Recently the New York Times published an article about the increasing power of Haitian gangs. The article was correct in describing how the gangs operate, and how they are financed by business and political elites, but it falls into the Times’s historical pattern of disparaging Aristide and the accomplishments of the Lavalas administrations. Haiti Action Committee member Charlie Hinton sent the Times a 173-word condensed version of the letter below, but they haven’t published it, so we want to share the letter with you in an expanded form:
To the Editor: I’m writing to clarify two misrepresentations about Haiti’s former President Jean-Bertrand Aristide in your article on the advance of Haitian gangs. The gangs plaguing Haiti today started to form after the 1986 overthrow of Baby Doc Duvalier, during the 5-year period of military dictatorships before Aristide’s presidency began. Known in Haitian Kreyol as zenglendos, they included members of Duvalier’s tonton macoutes death squad and the Haitian military. They carried out robberies and home invasions, and assassinated democracy activists. Residents formed neighborhood watch groups for protection and self defense. These were not “gangs,” as the Times article maintains.

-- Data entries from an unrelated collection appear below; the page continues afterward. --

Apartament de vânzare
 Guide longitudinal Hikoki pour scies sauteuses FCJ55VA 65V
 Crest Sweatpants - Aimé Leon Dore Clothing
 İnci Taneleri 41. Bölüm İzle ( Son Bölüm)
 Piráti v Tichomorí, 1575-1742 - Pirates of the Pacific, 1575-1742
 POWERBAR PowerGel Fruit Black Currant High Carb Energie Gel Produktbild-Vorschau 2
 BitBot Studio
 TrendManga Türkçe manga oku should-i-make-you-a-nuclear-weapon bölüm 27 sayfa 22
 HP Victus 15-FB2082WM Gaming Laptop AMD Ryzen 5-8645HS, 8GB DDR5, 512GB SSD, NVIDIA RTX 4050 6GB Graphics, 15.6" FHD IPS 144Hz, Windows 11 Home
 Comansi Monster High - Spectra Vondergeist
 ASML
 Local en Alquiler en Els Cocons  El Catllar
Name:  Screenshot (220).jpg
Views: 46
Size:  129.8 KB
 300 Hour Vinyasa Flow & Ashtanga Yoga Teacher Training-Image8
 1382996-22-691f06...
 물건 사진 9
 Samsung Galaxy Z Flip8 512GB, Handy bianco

On the other hand, Chérizier’s G9 gangs, per your article, are supported by business and political elites, and use rape, murder, and terror, even burning people alive, to suppress protests, steal property, and force people to vote a certain way. The origin of these gangs was not under Aristide, and there is no evidence of systematic state sponsored violence during the Aristide years (see pp. 5-10), unlike today.
The situation has now become so out of control that gangs control the major highways running north and south out of Port-au-Prince and from the port into the city, forcing Haitians to pay a ransom to move goods almost anywhere in the country. These gangs continue to be allowed to flourish by the administration of Ariel Henry, who was appointed Prime Minister by the assassinated president Jovenel Moise and has zero popular credibility. He’s maintained in power by the US and the Core Group that control Haiti, despite ongoing demonstrations calling for his removal that are met with intense repression. At the same time, for land grabs, Haitians are being terrorized to leave poor neighborhoods, creating both an internal and external refugee crisis. The fact that the actions of these gangs historically target the neighborhoods that support Aristide makes clear their differentiation from the Aristide/Lavalas administrations.
Second in your article, Aristide did not “flee” Haiti. He and his wife were kidnapped in the dead of night by US military forces, flown on a US military plane, and dumped in the Central African Republic. One of the reasons was his call for France to repay its $21.7 billion debt to Haiti, which the Times documents in its exposé, The Ransom.